Quantum is targeting the midrange network-attached storage (NAS) market by acquiring key technology, intellectual property, assets, and personnel from Connex, a NAS manufacturer and subsidiary of Western Digital. With the $11 million purchase, Quantum plans to bolster its Snap Appliances Snap Server product line with Connex's technology and target an "underserved" market segment, according to the company.

"We're expanding our product line upward from the core entry level and workgroup segment of the NAS market that we serve today," says Michael Brown, Quantum's chairman and CEO.

The acquisition includes a Linux development team that will work on enhancing Quantum's and Connex's NAS operating systems. Quantum also purchased the rights to an unannounced product line, which formed the basis for Connex's relationship with Gateway. In addition, Western Digital will supply hard disk drives to Snap Appliances.

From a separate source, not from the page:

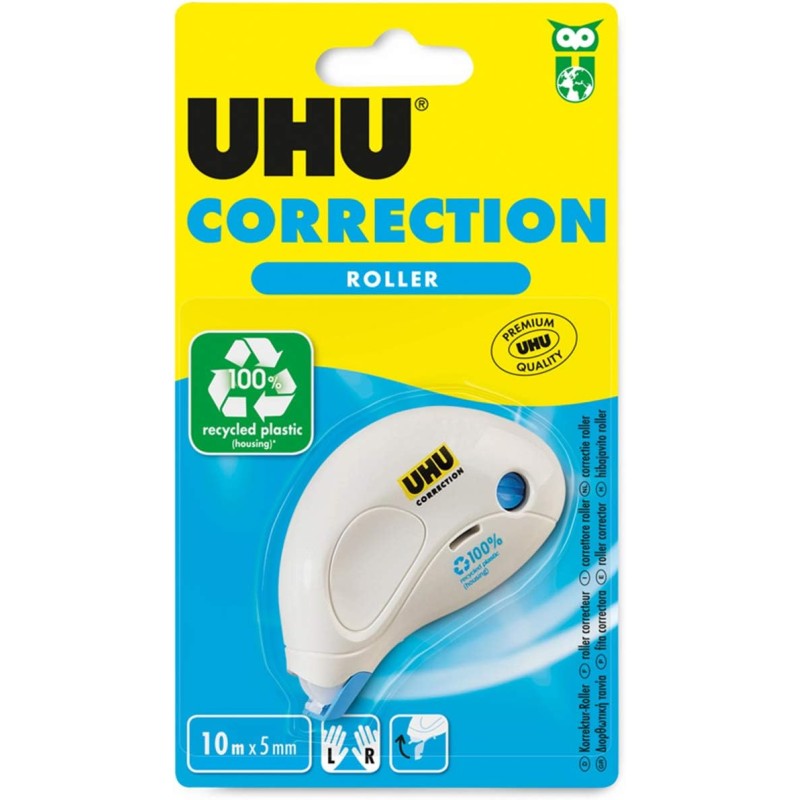 UHU Rollers correcteur compact - Ruban correcteur rapide, propre et précis, blanc, 10m x 5mm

While Quantum did purchase Connex assets, it did not purchase the company or its name. Connex will still exist as a company, according to officials at Connex's parent company Western Digital. Connex subsidiary SANavigator is not affected by the agreement.

Snap Appliances will support the Connex N1000 products; however, the Connex N3000 product line was not bought by Quantum. Support for N3000 was still being determined at press time, according to Western Digital.

The key product strategy Quantum will focus on is incorporating the best features of the ConnexOS into the Snap OS to create a more robust, enterprise-class operating system.

Previously, Quantum had been targeting the sub-$10,000 NAS product market. With the acquisition of Connex's technology, it hopes to offer performance and capacity in the $20,000 range.

While not initially tackling NAS market leaders EMC and Network Appliance, Snap's newest 12-drive NAS product-though not a result of the Connex acquisition-will offer terabyte-level capacities. Quantum plans to offer more enterprise-class features in its products in the future.